Angesichts solcher Vereinnahmung und ihrer dramatischen Folgen spricht man heute von „einem dritten Strukturwandel“ respektive „einer digitalen Transformation der Öffentlichkeit“. Diese wird überwiegend als verschärfte Entmündigung aufgefasst, obwohl die neue „Netzwerköffentlichkeit“ durch eine gewisse „Reflexivität des Diskurses“ geprägt sei. Dem stehe jedoch gegenüber, dass sich der Diskurs insgesamt im Kontext finanzieller und politischer Macht abspiele, wobei Macht im Sinne Max Webers definiert wird als „jede Chance, innerhalb einer sozialen Beziehung den eigenen Willen auch gegen Widerstreben durchzusetzen, gleichviel worauf diese Chance beruht“. Dabei geht es zunächst einmal nicht um die geteilten Inhalte der Akteure selbst, sondern um das Vermögen, Social Media, Blogs oder Portale frei von Zensur und Verboten bereitzustellen und am Leben zu erhalten. Dieses vor allem ökonomische, aber auch strategische Potenzial ist heute die conditio sine qua non aller Bestrebungen, sich in öffentliche Debatten einzumischen und sich in ihnen Gehör zu verschaffen.

 

Diffuse, aber atmende Öffentlichkeit

 

Hier kommt, gerade was die „User“ angeht, Whiteheads ontologische Differenz ins Spiel. Nicht nur sind die „Follower“ der Social Media vielfach zugleich Redaktion und Publikum; auch ein Großteil der Portale und Blogs hat rege genutzte Kommentarfunktionen, die laufend Resonanz, Rückkopplung oder, wie es in der Informatik heißt, Feedback ermöglichen. Während die klassischen Medien ihr Publikum nach dem Prinzip des Nürnberger Trichters (in der Pädagogik Frontalunterricht genannt) mit „Informationen“ und „Interpretationen“ abfüllen, wogegen nur „gar nicht erst ignorieren“ hilft, eröffnen die Social Media einen öffentlichen Raum, in dem die Einzelnen miterleben können, wie aus dem Wirrwarr von Reden und Gegenreden wechselnde Stimmungen und Meinungen emergieren. Derart sind sie Teil einer diffusen, aber atmenden und pulsierenden Öffentlichkeit, die es erlaubt, hinter der Realität von Texten, Zeichen & Bildern die Wirklichkeit wohltemperierter oder heftiger Reaktionen live zu erfassen.

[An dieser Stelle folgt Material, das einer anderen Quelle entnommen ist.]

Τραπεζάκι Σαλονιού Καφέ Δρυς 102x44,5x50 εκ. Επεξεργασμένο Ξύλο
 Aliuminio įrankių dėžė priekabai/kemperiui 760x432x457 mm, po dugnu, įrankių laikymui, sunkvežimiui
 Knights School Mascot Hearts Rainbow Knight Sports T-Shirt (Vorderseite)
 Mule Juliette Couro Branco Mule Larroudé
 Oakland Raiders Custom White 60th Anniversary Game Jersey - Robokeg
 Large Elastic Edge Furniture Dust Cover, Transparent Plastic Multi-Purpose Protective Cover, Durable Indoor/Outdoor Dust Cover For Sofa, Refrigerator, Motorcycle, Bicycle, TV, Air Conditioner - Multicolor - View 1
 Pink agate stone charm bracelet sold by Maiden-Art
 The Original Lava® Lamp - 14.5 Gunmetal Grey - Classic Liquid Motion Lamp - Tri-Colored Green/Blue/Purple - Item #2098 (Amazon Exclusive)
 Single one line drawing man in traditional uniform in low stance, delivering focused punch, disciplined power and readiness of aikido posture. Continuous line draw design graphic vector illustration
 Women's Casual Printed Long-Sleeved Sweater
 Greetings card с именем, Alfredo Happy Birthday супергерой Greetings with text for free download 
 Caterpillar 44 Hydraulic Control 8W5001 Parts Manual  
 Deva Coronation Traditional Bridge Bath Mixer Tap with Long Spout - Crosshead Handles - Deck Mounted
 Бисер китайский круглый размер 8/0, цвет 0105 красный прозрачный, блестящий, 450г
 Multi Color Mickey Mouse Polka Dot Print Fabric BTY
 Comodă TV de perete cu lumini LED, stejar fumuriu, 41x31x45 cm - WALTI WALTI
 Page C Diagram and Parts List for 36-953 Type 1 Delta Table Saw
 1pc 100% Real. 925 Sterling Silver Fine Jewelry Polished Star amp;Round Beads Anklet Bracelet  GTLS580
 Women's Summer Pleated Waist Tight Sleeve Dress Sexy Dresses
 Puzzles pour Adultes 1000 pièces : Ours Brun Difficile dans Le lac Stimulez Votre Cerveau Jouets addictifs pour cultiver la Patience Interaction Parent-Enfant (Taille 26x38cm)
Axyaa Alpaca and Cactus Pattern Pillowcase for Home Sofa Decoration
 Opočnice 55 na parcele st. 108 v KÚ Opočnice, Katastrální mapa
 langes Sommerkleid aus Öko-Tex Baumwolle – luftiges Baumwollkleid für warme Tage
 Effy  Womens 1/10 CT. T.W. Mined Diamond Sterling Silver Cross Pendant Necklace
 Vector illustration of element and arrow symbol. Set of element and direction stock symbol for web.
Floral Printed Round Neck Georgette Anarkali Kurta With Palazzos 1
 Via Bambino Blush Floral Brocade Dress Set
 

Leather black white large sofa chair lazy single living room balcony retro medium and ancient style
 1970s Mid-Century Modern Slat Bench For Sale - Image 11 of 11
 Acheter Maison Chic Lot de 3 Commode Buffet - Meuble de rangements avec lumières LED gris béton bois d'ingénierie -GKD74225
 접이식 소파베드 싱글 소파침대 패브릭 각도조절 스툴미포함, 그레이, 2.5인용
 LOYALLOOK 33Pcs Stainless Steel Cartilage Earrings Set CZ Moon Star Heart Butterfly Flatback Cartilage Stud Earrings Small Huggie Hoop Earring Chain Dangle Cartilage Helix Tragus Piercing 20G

Auf diese Weise wird der monadische Autor und Rezipient überwunden, und es entsteht momentan eine durch kollektive Wirklichkeit vermittelte geteilte Realität.

 


Alfred North Whitehead: Überall Prozesse
Alfred North Whitehead: Überall Prozesse

Gewiss kann dieser Austausch kaum als „bürgerliches Raisonnement“ gelten, zumal er nicht, wie es Habermas vorschwebte, dem Kriterium des Strebens nach Vernunft genügt. Eher ist er, auch durch den Impuls prompter Replik und das Motiv, sich möglichst kurz zu fassen, würzig, spontan und affektbetont, mit wohlüberlegten Einsprengseln. Oft geht es in erster Linie darum, sich abzureagieren, wenn etwas auf der Seele brennt, und genau diese Ventilfunktion lässt ein viel realistischeres oder wahreres Bild der öffentlichen Stimmung entstehen als Meinungsumfragen oder sozialpsychologische Analysen.

 

Ist die Regierung der Staat?

 

Ein solches Abbild ist jedoch nicht erwünscht. Die Einzelnen sollen mit ihrer Wut, ihrem Frust und ihrer Verzweiflung in ihren privaten, monadischen Wirklichkeiten eingeschlossen bleiben, ohne sie zum Sprengsatz einer geteilten Realität konglomerieren zu lassen. Deshalb bemüht man sich zunehmend um eine möglichst prophylaktische Kontrolle der Netzwerköffentlichkeit, die vor allem durch Einschüchterung und harte generalpräventive Strafen erreicht werden soll. Sie wird, verfassungsrechtlich äußerst fragwürdig, mit dem „gebotenen“ Einschreiten gegen „Hass und Hetze“ sowie gegen die zersetzende „Delegitimierung des Staates“ begründet – wobei man bewusst Regierung mit Staat verwechselt. Beide Auswüchse der Unzufriedenheit gelten als so gefährlich, dass man zum Schutz der fdGO auch schon bei Fehlverhalten „unterhalb der Strafbarkeitsgrenze“ Exempel statuieren müsse.

 

Das Interessante und „Gefährliche“ der Social Media, womit sie den Regierenden ein Dorn im Auge sind und kujoniert werden müssen, besteht nämlich genau darin, dass sie die subversiven „Kaffeehäuser, Salons und Tischgesellschaften“ früherer Zeiten in einer neuartigen, „digitalen“ Form wiederbeleben. Wie jene wollen sie sich im Idealfall nicht darum scheren, ob die Beiträge vernünftig, moderat oder freundlich sind, solange sie nicht offen zum Umsturz aufrufen. Und wie jene schaffen sie durch Wirklichkeiten eine geteilte Realität.

 

Digitale Bevormundung ist Willkür

 

Der engagierte Rechtsanwalt Joachim Steinhöfel hat in einem 2024 publizierten Bestseller die Übergriffe von Behörden und NGOs auf die magischen Netzwerke, denen es zum Verdruss des Regimes gelingt, widerspenstige Wirklichkeiten in geteilte Realität zu verwandeln, als „digitale Bevormundung“ tituliert. Diese beruht im Wesentlichen darauf, unliebsame Beiträge zu löschen (wogegen er mit Erfolg vielfach klagte), User zu sperren und bei Bedarf generalpräventiv zu bestrafen. Allerdings sind das alles keine „digitalen“ Maßnahmen, sondern ganz banal und brachial repressive Willkürakte der Exekutive und der Judikative. Die „Bevormundung“ der digitalen Netzwerker mit dem Ziel, diese Schöpfer einer neuartigen Gegenrealität mundtot zu machen, wäre kaum möglich, ohne die systematische Aufhebung der Gewaltenteilung und anderer rechtsstaatlicher Prinzipien.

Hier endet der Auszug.